PROBLEM DETAILS: Reproduce, word for word, the lines in the material below starting with the one that has "Go Game, Goban, Baduk" and going on through the one that has "Happy father playing". Leave out all pictures.

- Opening Delimiter -

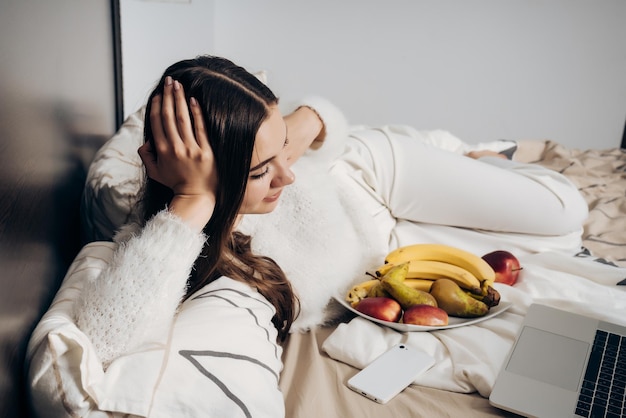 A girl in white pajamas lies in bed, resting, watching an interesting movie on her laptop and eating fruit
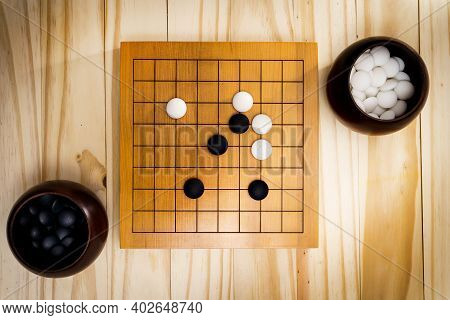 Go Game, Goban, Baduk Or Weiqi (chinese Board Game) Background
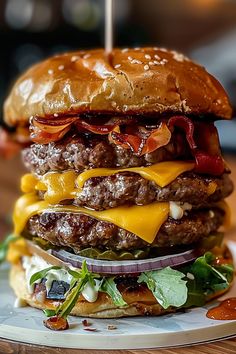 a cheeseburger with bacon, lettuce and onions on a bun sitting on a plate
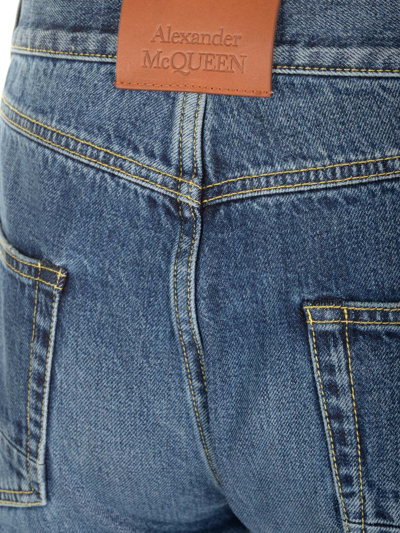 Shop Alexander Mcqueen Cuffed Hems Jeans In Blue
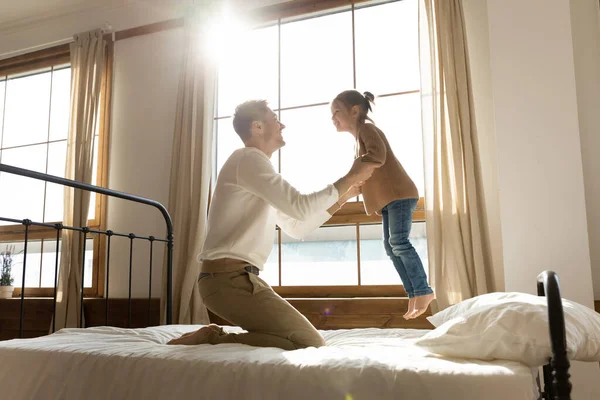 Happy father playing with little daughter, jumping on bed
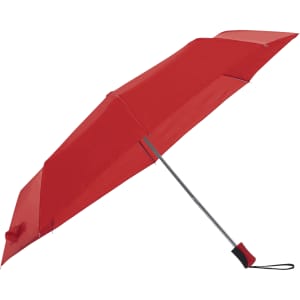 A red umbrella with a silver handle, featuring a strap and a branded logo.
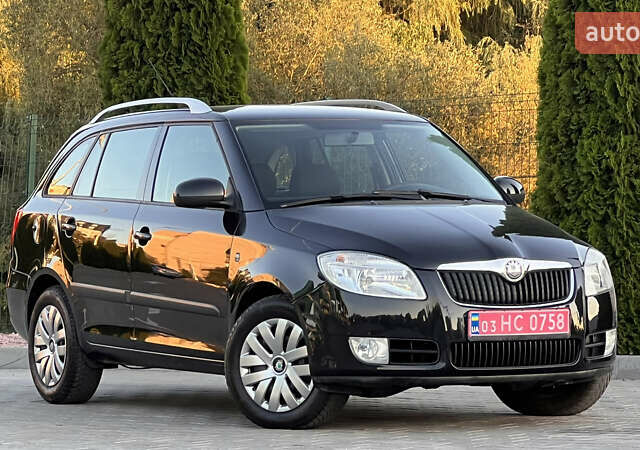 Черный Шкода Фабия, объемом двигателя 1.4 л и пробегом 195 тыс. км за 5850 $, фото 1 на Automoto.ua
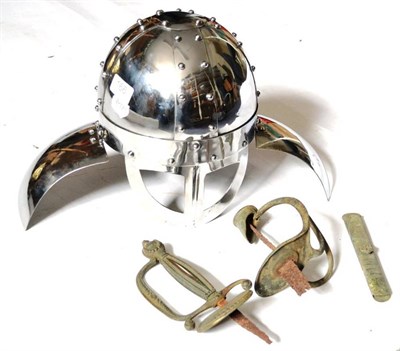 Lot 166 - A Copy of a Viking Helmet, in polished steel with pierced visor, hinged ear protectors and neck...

- Closing Delimiter -

TASK SOLUTION:
 Go Game, Goban, Baduk Or Weiqi (chinese Board Game) Background
 a cheeseburger with bacon, lettuce and onions on a bun sitting on a plate
 Shop Alexander Mcqueen Cuffed Hems Jeans In Blue
 Happy father playing with little daughter, jumping on bed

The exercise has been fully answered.